Vous défendez un « Global Leadership by Women » et non un leadership « pour les femmes ». Quel changement concret de gouvernance souhaitez-vous voir émerger dans les cinq prochaines années ?

Il y a une semaine, Abelardo de la Espriella a été élu Président de la Colombie avec, parmi ses priorités, une politique de mano dura (main dure), la déforestation, et même en cherchant bien je n’ai pas eu l’impression que le progrès social et l’égalité de genres soient à son agenda. Il rejoint ainsi le club de Milei et Bukele en Amérique Latine, et surtout les big 5, ceux qui privilégient la force, l’arbitraire, leur égo, en gouvernant selon leur intérêt personnel. C’est bien la direction du monde qui nous convient ? Pouvons-nous laisser cinq hommes décider de notre vie, de la planète, de l’usage de l’IA, comment on investit et on commerce, de la paix, de la guerre, de notre sécurité ?

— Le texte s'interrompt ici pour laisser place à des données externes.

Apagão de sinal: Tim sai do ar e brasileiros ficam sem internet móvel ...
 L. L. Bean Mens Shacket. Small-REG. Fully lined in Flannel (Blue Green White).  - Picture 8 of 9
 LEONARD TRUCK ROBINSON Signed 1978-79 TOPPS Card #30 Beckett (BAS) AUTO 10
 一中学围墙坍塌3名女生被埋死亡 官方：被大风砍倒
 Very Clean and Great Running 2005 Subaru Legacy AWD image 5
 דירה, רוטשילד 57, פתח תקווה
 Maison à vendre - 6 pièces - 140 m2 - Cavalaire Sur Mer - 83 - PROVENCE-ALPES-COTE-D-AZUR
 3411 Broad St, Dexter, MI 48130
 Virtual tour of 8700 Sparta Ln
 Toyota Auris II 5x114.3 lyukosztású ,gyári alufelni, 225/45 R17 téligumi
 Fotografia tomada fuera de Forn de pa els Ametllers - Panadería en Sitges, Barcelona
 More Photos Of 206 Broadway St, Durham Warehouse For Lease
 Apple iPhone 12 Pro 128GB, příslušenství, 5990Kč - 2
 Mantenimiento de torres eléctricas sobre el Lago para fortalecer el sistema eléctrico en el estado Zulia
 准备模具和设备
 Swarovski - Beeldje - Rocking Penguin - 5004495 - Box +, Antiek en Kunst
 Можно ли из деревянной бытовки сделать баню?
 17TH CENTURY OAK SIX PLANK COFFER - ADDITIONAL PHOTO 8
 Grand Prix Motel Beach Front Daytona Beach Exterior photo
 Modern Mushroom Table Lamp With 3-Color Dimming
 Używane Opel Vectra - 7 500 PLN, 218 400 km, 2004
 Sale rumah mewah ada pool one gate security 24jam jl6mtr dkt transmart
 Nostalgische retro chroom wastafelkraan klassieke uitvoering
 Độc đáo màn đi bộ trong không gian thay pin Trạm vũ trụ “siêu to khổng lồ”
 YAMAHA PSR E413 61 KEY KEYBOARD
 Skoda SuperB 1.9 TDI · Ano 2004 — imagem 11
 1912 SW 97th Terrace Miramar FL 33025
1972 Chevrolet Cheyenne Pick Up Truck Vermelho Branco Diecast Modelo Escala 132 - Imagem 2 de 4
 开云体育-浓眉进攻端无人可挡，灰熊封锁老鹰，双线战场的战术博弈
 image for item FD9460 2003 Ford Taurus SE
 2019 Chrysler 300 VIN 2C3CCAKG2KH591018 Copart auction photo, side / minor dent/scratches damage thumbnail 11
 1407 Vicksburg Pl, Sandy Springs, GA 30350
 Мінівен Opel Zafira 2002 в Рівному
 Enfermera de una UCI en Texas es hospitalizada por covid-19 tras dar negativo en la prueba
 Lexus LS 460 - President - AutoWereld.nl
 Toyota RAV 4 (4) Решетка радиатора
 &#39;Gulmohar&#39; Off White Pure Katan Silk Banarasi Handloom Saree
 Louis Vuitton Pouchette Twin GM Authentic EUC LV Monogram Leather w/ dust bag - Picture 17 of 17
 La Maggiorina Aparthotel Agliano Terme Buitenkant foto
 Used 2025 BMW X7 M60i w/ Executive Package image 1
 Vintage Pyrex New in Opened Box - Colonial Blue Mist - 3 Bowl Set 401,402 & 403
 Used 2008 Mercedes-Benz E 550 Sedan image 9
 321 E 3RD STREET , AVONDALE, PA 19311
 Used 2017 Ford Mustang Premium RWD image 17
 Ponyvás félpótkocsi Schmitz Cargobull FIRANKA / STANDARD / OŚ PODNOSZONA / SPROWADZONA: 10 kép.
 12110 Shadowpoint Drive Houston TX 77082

Comme le dit si bien Giuliano da Empoli, « c’est l’heure des prédateurs ». Mais pour combien de temps ? C’est à nous de réagir, de réinventer une gouvernance centrée sur l’humain, le bien commun et l’intérêt général.

Les femmes, avec les hommes, doivent exercer pleinement les responsabilités dans tous les domaines.

Dans les cinq prochaines années, je souhaite voir émerger une gouvernance plus équilibrée, plus juste et plus visionnaire, où la diversité des talents devient un véritable levier de compétitivité et de performance. Les femmes apportent, autant que les hommes, une contribution essentielle à la créativité, à l’innovation, à la résilience des organisations et à la construction de la paix.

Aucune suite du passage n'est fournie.